ロワール川(ロワールがわ、フランス語:Loire [lwaʁ] ( 音声ファイル)、オック語:Léger/Leir、アルピタン語:Lêre、ブルトン語:Liger)は、フランスの中央部を流れる川である。長さは1,012 km、流域面積は117,000 km²でフランスの面積の5分の1を占める。中央高地に源を発し、大西洋に注ぐ。
ロワール渓谷の中部は、2000年にユネスコの世界遺産に登録された。
名称の由来
「ロワール」という名前は、ラテン語のLigerから来ており、ガリア語(ケルト語)での川の名前「liga」の転写である。ガリア語で「liga」は「沈殿物」を意味する。この単語は、ぶどう酒などの澱を意味するフランス語のlieや、英語のleesとなった。「liga」は、インド・ヨーロッパ祖語の「横たわる」を意味する「*legh-」から来ており、この祖語は英語のlay、ledge、lawなど多くの単語の元となった。

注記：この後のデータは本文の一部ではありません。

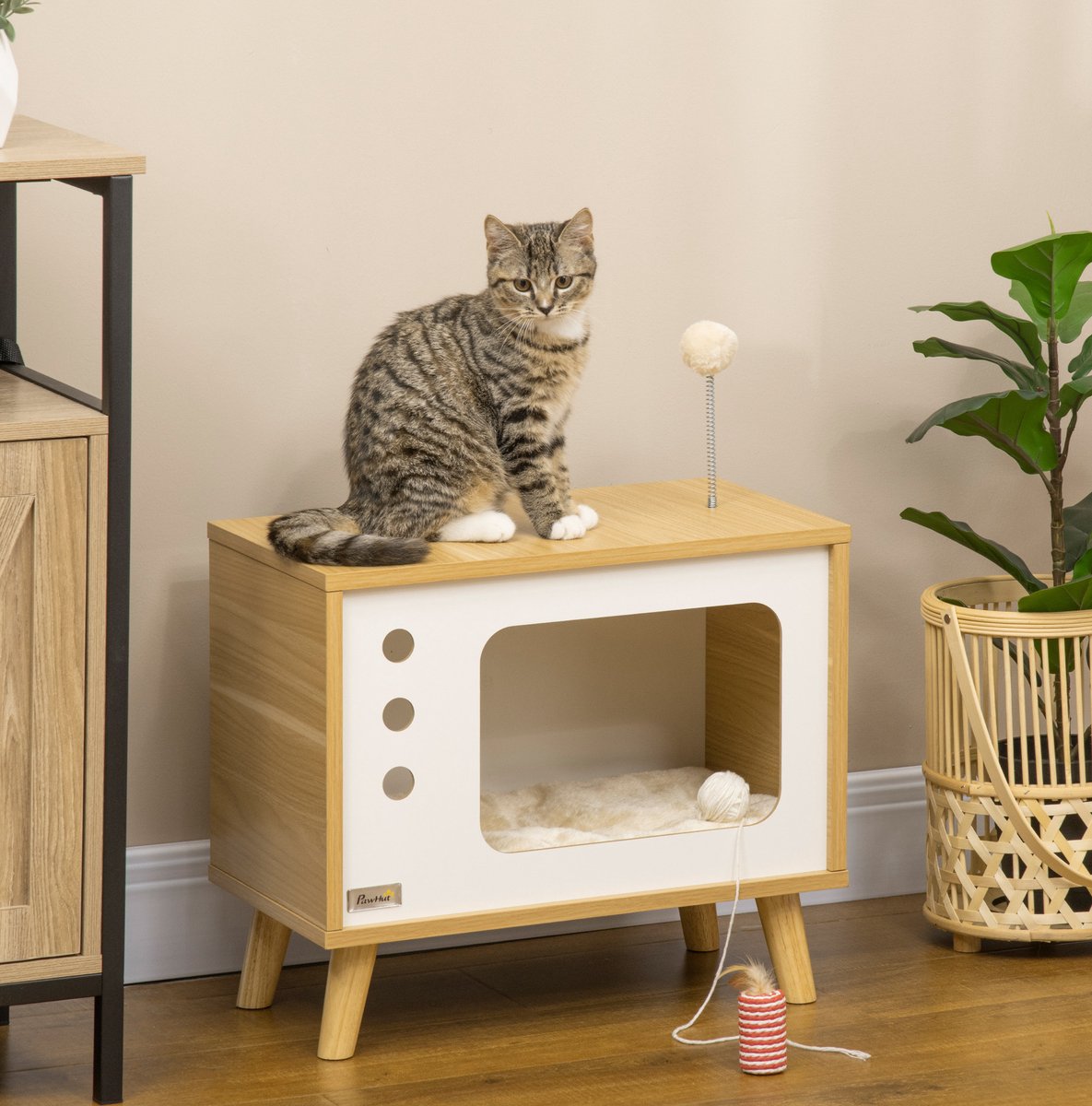 REDOM - Kattenhuis in tv-design - Speelbal en kussen inbegrepen - Bijzettafel - Eikenhoutlook - Woonkamer - Hout - Beige - 50 x 28 x 43 cm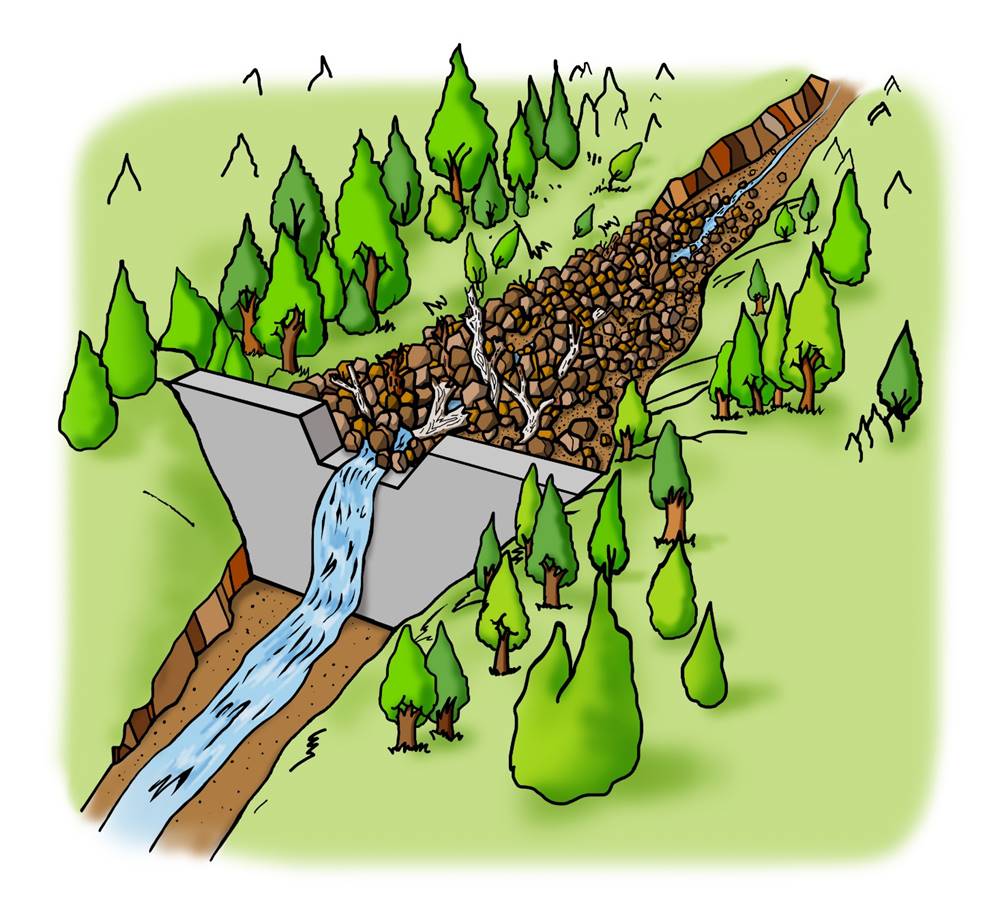 <b>Ｂ．不透過型砂防堰堤が土石流をとらえる働き</b><br>③大雨が降り土石流が発生したとき、堰堤は大きな岩や、流木などを含む土砂をため、下流への被害を防ぎます。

フランス語には、川の名前を元にした形容詞ligérienがある。le climat ligérien(ロワール谷の気候)のように使われ、北フランスでもっとも心地よい気候を意味する。冬は暖かく、大陸性の気候と違って極端な気温の変化がない気候のことである。
地理
セヴェンヌ高地の北東に源を発し、ロアンヌとヌヴェールを北へ流れる。オルレアンで西方に変え、トゥールを流れてナントで大西洋に注ぐ。
平野部の傾斜度が緩く流域が広大なため、しばしば深刻な洪水が起こっており、1856年、1866年、1910年のものが知られている。
西ヨーロッパの川としては珍しく、自然な流れの障害となるダム[1]や水門は少ない。それにより、ロワール川では船による旅行を可能とし、田園風景や石灰岩の崖、童話の世界のような城の景観を楽しむことができるため人気が高い。
支流
流域の自治体
フランスの県のいくつかは、ロワール川にちなんだ名前を持っている。このうち、ロワール=エ=シェール県の名は本流ではなく支流のロワール川 (Loir) に由来する。
- アルデシュ県
- オート=ロワール県
- ル・ピュイ=アン=ヴレ
- ロワール県
- サン=テティエンヌ、ロアンヌ
- ソーヌ=エ=ロワール県
- ディゴワン
- アリエ県
- ムーラン
- ニエーヴル県
- ヌヴェール
- シェール県
- サンセール
- ロワレ県
- ジアン、オルレアン
- ロワール=エ=シェール県
- ブロワ
- アンドル=エ=ロワール県
- アンボワーズ、トゥール
- メーヌ=エ=ロワール県
- ソミュール
- ロワール=アトランティック県
- アンスニ、ナント、サン=ナゼール
流域の観光地
流域には多くの古城が残り、観光名所となっている。
脚注
- ^ 1985年にロアンヌの数キロ南に造られたVillerestダムは、近年の洪水を防ぐのに主要な役割を果たしている。